Itll work just fine....But if you havent bought an ssd yet why not get a Sata2 one? Itll be cheaper....unless your gonna upgrade your mobo soon...(Fingers crossed!)


----------



## DanishDevil (Jun 21, 2011)

It won't be at half the speed. A lot of SATA 3 drives have read and write speeds for them running on both SATA specifications. If you're going to upgrade your motherboard within the next 6 months, get a SATA 3 drive now.


----------



## slyfox2151 (Jun 21, 2011)

DanishDevil said:


> It won't be at half the speed. A lot of SATA 3 drives have read and write speeds for them running on both SATA specifications. If you're going to upgrade your motherboard within the next 6 months, get a SATA 3 drive now.



since sata 2 is 300mbps and sata 3 is 600mbps.... then yes the interface is half the speed.

i never claimed the drive would be.


----------



## Rock N Roll Rebel (Jun 21, 2011)

on newegg all the 128 gig drives cost around the same


----------



## DanishDevil (Jun 21, 2011)

The question was about an SSD, and you said *it* would work at half the speed, so technically you did. Just wanted to make sure that the OP didn't misinterpret what you meant like I did.


----------



## TheOne (Jun 21, 2011)

Here is an example for the OP of a SATA3 drive running at SATA2 speed.

_EX:_ *Corsair Force Series 3 120GB SATA3 running at SATA2*: _(ATTO Benchmark)_
Corsairs Benchmarks can be found here: http://www.corsair.com/blog/corsair-force-series-3-ssds-are-now-with-us/

*(Corsair Rated Write: 510MB)(Half: 255MB)*
SATA2 Score: *260MB Write*

*(Corsair Rated Read: 550MB)(Half: 275MB)*
SATA2 Score: *277MB Read*


----------



## DanishDevil (Jun 21, 2011)

I'd be curious to see a Crucial M4, Intel 510, or Corsair P-3 on both tests. I don't think it's going to cut them in half.

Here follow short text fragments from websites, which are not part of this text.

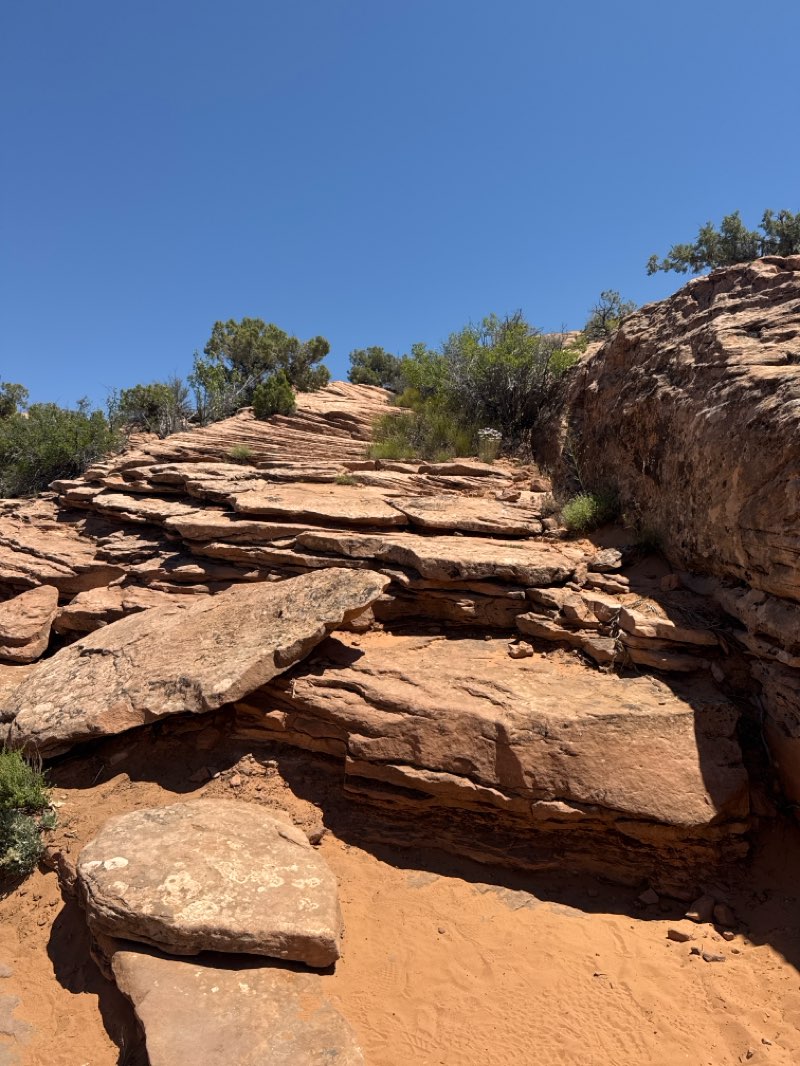 walking near me in Arches National Park in spring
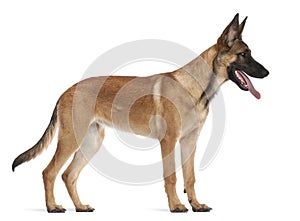 Belgian Shepherd Dog puppy, 5 months old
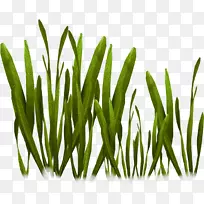 封装的PostScript剪贴画-空若网 封装的PostScript剪贴画-空若网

Running a SATA 3 SSD on SATA 2 will not cut its read/write speeds in half. It will simply limit the maximum reads/writes at about 260MB/s (which is the realistic limit of SATA 2)

Sandforce controllers are spec'd to completely saturate the SATA specification that they were created for, and SATA 3 has twice the bandwidth of SATA 2, which is why your theory works for Sandforce drives, but not with others.


----------



## TheOne (Jun 21, 2011)

DanishDevil said:


> I'd be curious to see a Crucial M4, Intel 510, or Corsair P-3 on both tests. I don't think it's going to cut them in half.
> 
> http://images.anandtech.com/graphs/graph4253/36345.png
> 
> ...



Are you talking to me?


----------



## DanishDevil (Jun 21, 2011)

Anybody who is debating that a SATA 3 drive will run at half speed on SATA 2. I found it intriguing and counter-intuitive that speeds were half for Sandforce 2000 drives, so I did some research to disprove that.


----------



## TheOne (Jun 21, 2011)

DanishDevil said:


> Anybody who is debating that a SATA 3 drive will run at half speed on SATA 2. I found it intriguing and counter-intuitive that speeds were half for Sandforce 2000 drives, so I did some research to disprove that.



I don’t think anybody has made that claim, but indeed, performance will vary depending on controller, SF of course being the fastest available at the moment.


----------



## xBruce88x (Jun 21, 2011)

I'll put it this way... on a SATA 3.0gbs connection the drive will not exceed 300MB/sec. however on a sata 6.0Gbs connection, it will perform at its max speed (i've yet to see one at 600MB/sec, 514MB is the highest i've seen i think)

either way... its faster than any HDD you'll find (non insane industrial kind anyway)

basically the same idea as running a SATA3.0Gb/sec drive on a SATA1.5Gb/sec controller


----------